This ambiguous place she found herself in was exactly the impetus she needed to start figuring things out, musically speaking.

“I had this feeling that I was like missing the point, or I wasn’t getting it, so a lot of these songs are about searching for the truth, about yourself or about anything.”

In the early songs on the album we are presented with a version of Gebhardt that is torn between her wanderlust and her impulse to stay and fix things, to love and be loved. Like the restless protagonist of “Moving Song” or the messy lover of “Vermillion” just trying to hold together the pieces of something that might not even be worth the effort, they are conflicted but hopeful. They know they are still young but they’re starting to realize they won’t be young forever.

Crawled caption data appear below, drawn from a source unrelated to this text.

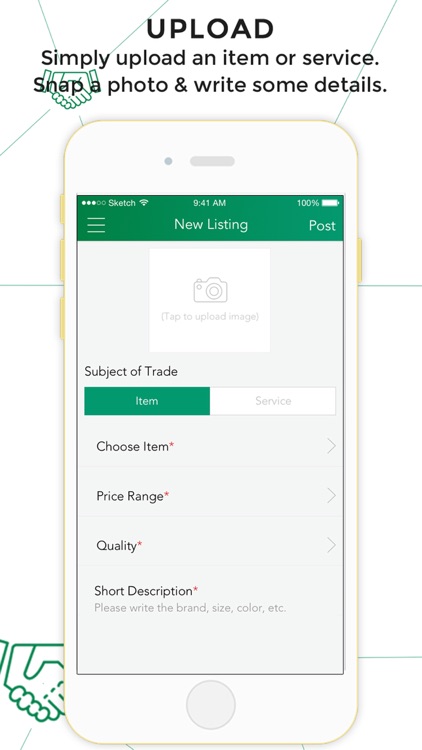 TradeMade, Trade & Barter 2018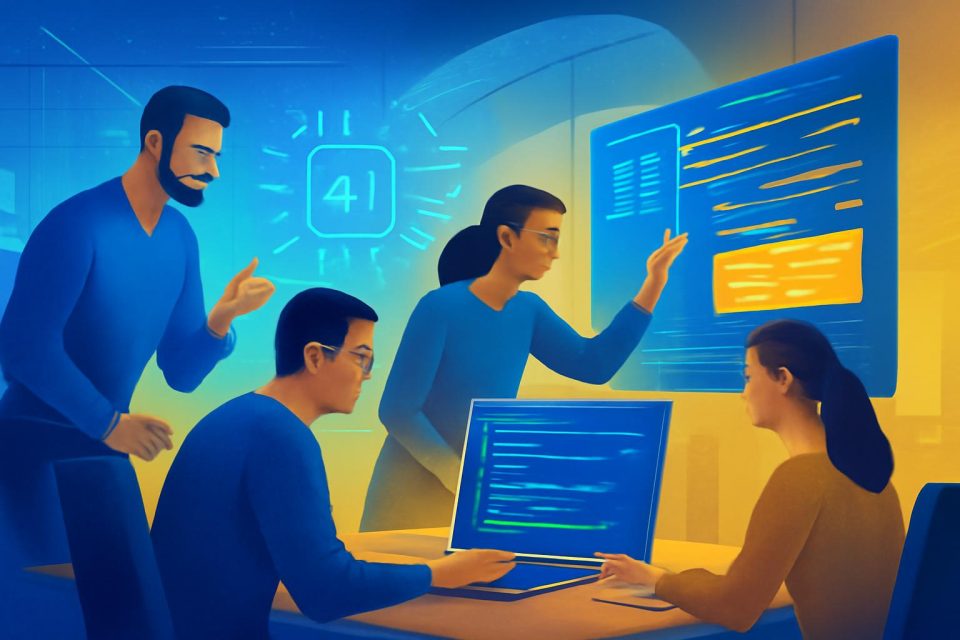Sea's View on the Future of Agentic Software Development with Codex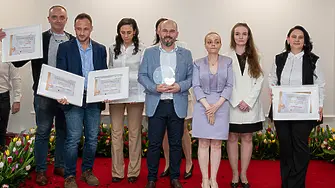 „Златно сърце на годината“ за 2025 г. бе присъдено на д-р Горан Сарафилоски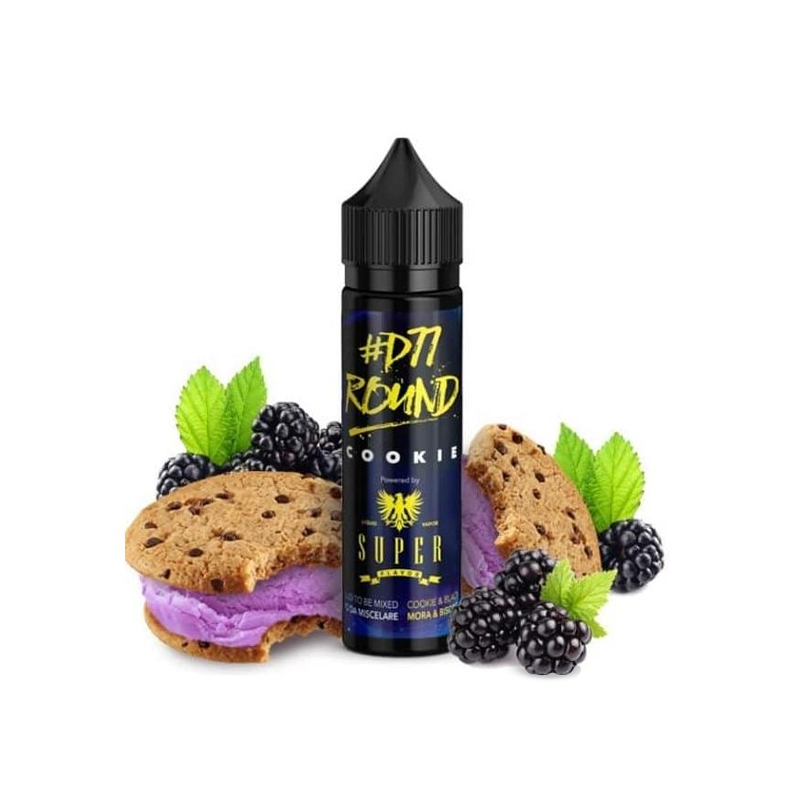 Super Flavor (IT) Round Cookie - Super Flavor by Danielino D77 SnV 20ml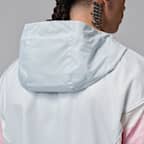 Jordan Brooklyn Men's Hooded Draft Jacket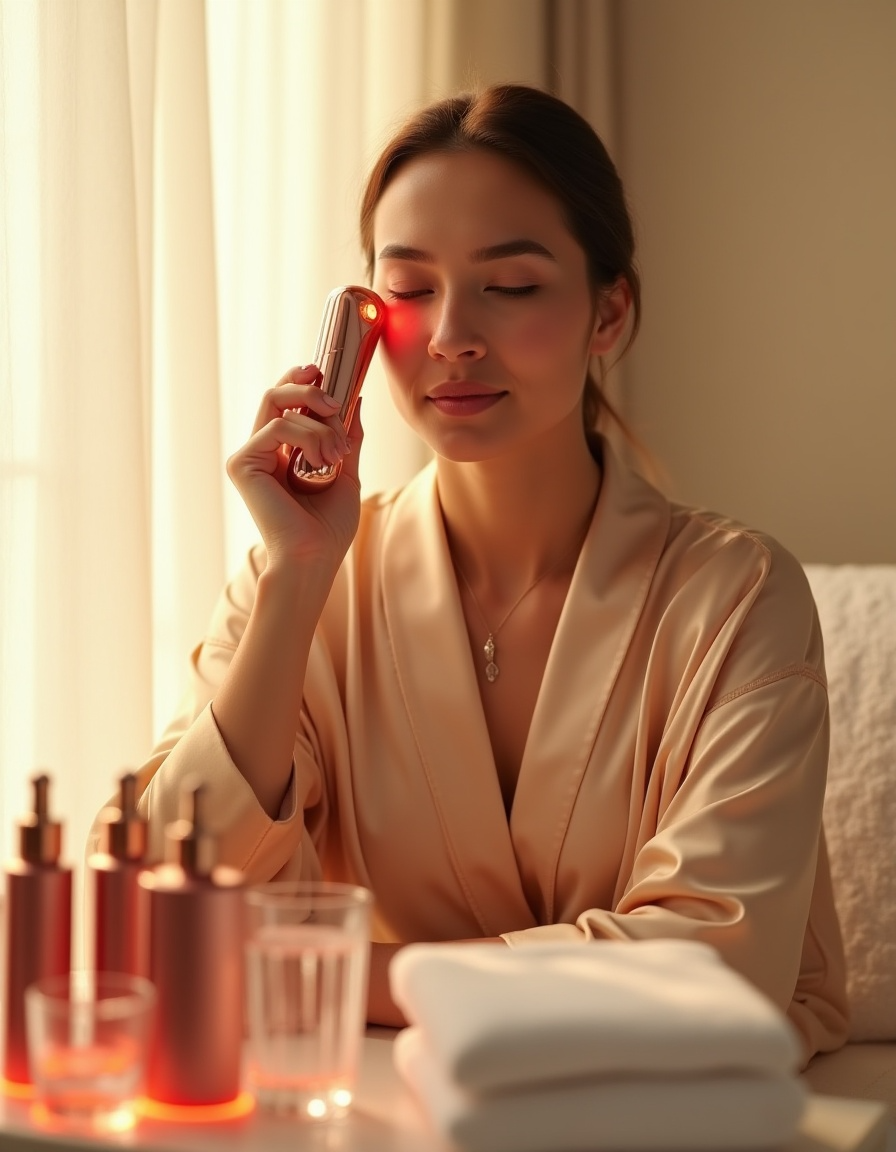 LumiLift Glow – Instant Lift & Radiance
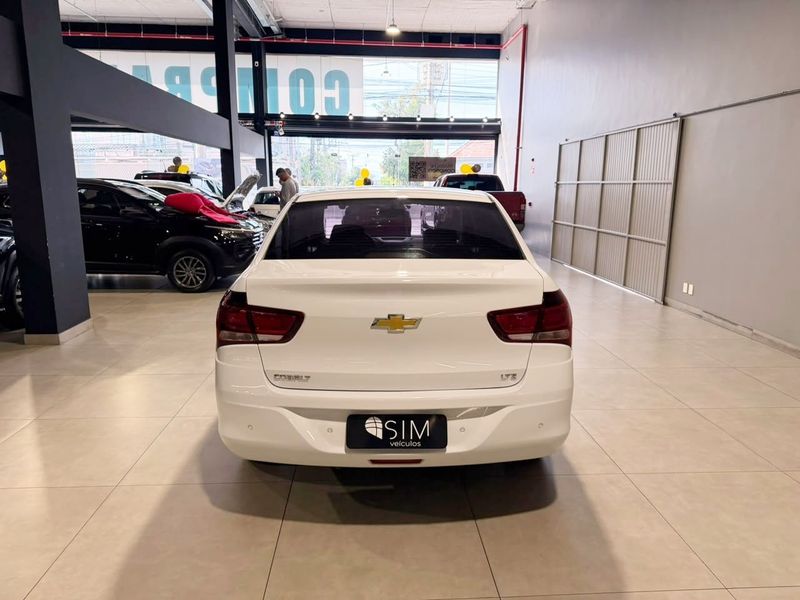 Chevrolet Cobalt 1.8 A Ltz 2018/2019 SIM VEÍCULOS PORTO ALEGRE / Carros no Vale Chevrolet Cobalt 1.8 A Ltz 2018/2019 SIM VEÍCULOS PORTO ALEGRE / Carros no Vale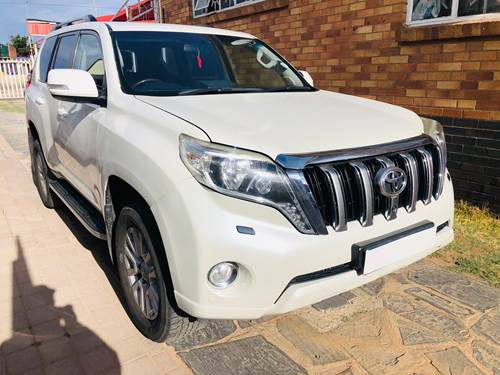 Toyota Prado VX 4.0 (202 kW) V6 Auto II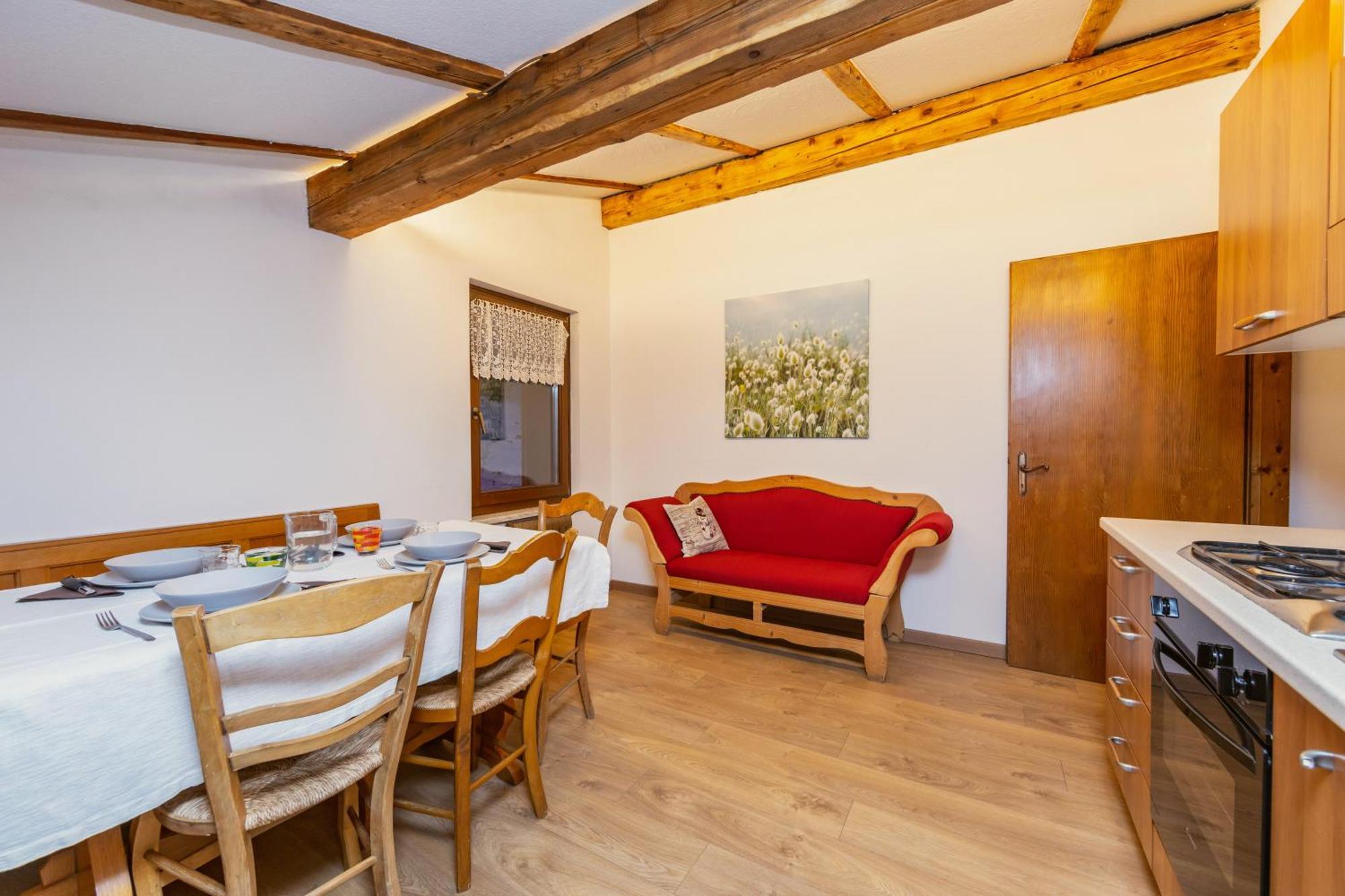 Agritur Broch Villa เฟียรา ดี พรีเมียโร ห้อง รูปภาพ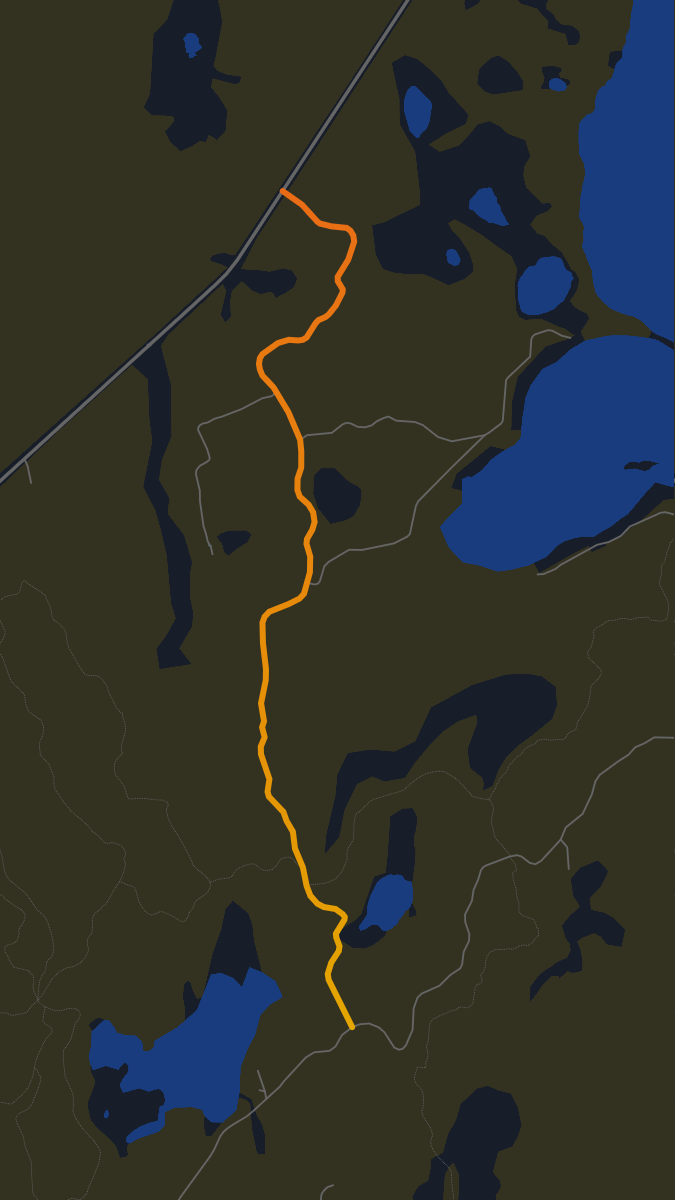 Fournier Road preview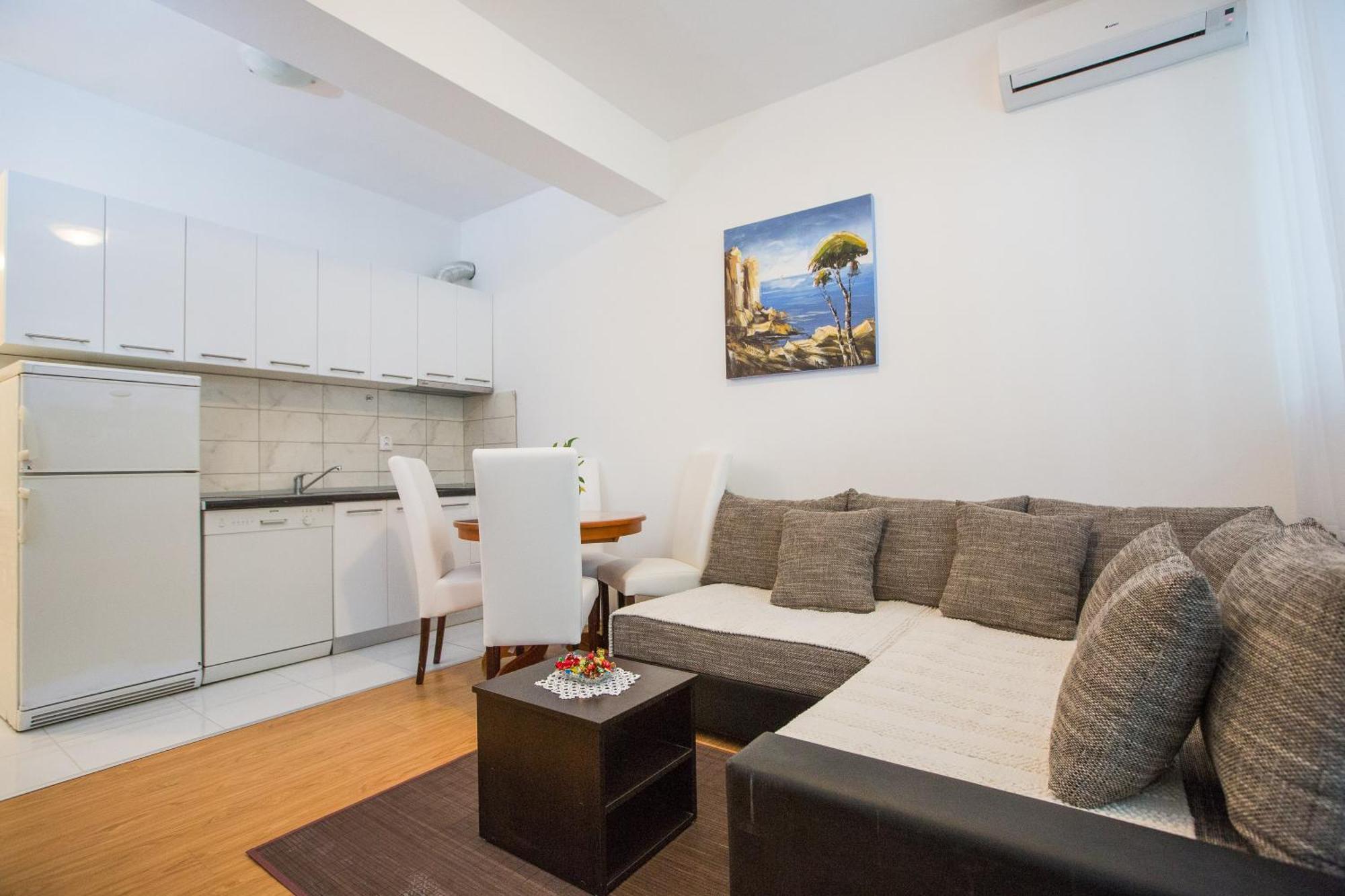 Apartmani Nika Marangun دوبروفينك المظهر الخارجي الصورة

These are all familiar archetypes, familiar situations for a young romantic to find oneself in, but with Gebhardt’s keen lyrics and hauntingly powerful voice, they come alive in a profoundly touching way. That search for truth or understanding is further exemplified on tracks like “Blooms” or “Mountain. But where the album reaches its emotional peak, and where Gebhardt’s journey comes to the end of a chapter, is on “Honesty,” which begs the listener to ground her impulses in something real and try to divine what exactly she’s looking for.

Too often the concept of wanderlust is equated with an aimlessness, restlessness, a lack of seriousness or commitment. Sometimes that may obviously be the case, but more often than we realize that restlessness, especially when it is our own restlessness, is simply a manifestation of an eager desire to find something that means anything, whether it be a calling or a community or a credo.

Annalibera at 80/35 | 7.5.13

Annalibera at 80/35 in 2013 | photo by Michael Todd

When I reflect back on the days in my life when the impulse to wander was most pressing, most urgent, it occurs to me that those were the times when I was in most dire need of meaning and purpose. The songs that populate this impressive debut album feel like snapshots on just such a journey.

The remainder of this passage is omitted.